◆ Work task
Please repeat, precisely as written, only the lines from the one containing "Mercedes Klasa E 220 d 4-Matic AMG Line" through the last line of the records below, pictures omitted.

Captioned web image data
__________
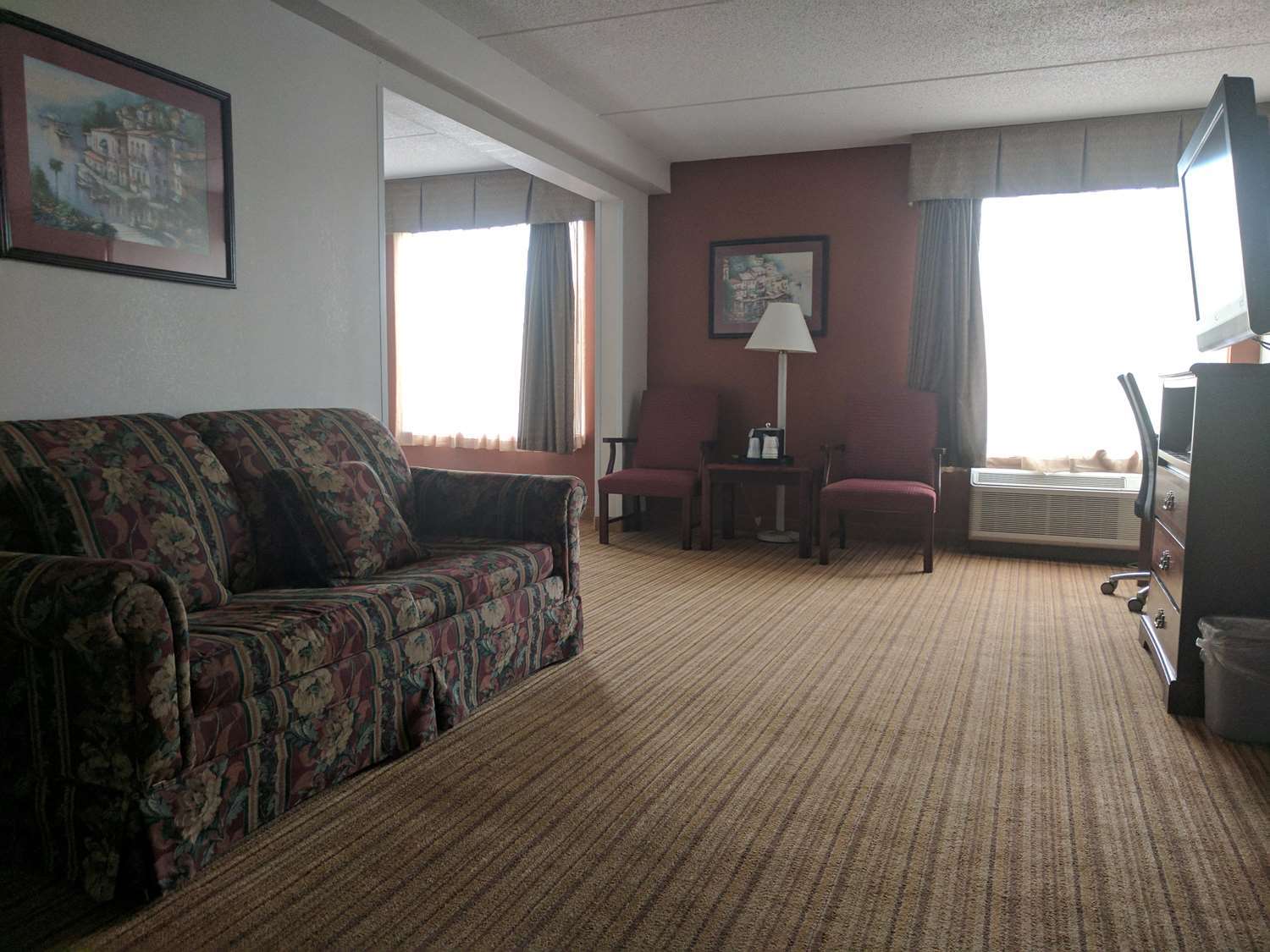 Clarion Pointe Airport Hotel Greensboro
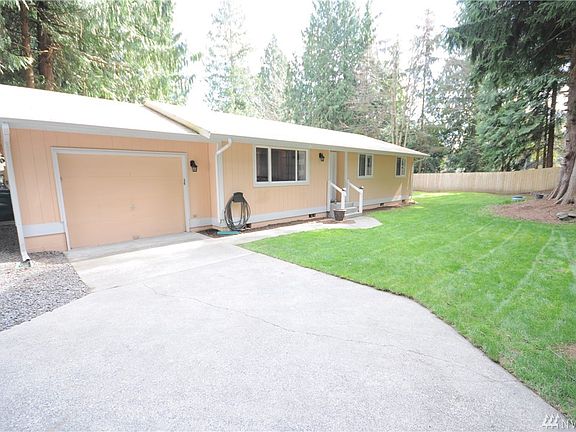 Charming! And lots of yard space.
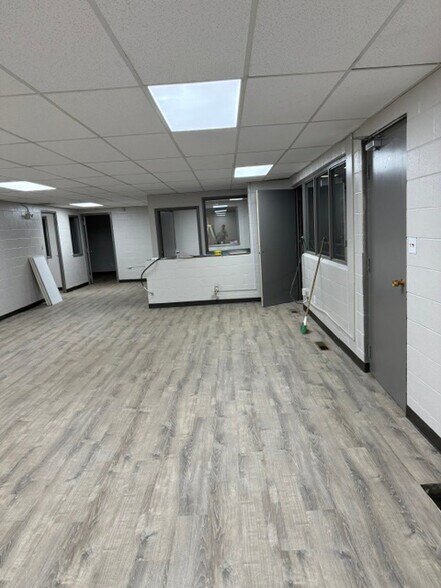 More Photos Of 810 22nd Ave, Greeley Warehouse For Lease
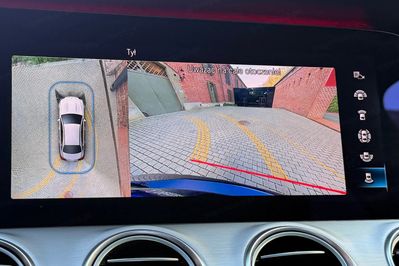 Mercedes Klasa E 220 d 4-Matic AMG Line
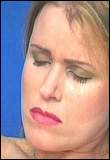 sexfoto: sperma - Met haar nagels in haar dijen voelt deze gretige...
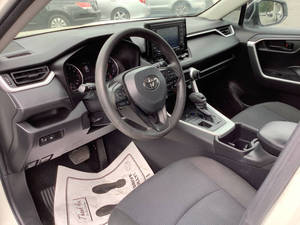 Utilisé 2022 To-yo-ta RA-V4 LE - Product Image 2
__________
◆ Task result
 Mercedes Klasa E 220 d 4-Matic AMG Line
 sexfoto: sperma - Met haar nagels in haar dijen voelt deze gretige...
 Utilisé 2022 To-yo-ta RA-V4 LE - Product Image 2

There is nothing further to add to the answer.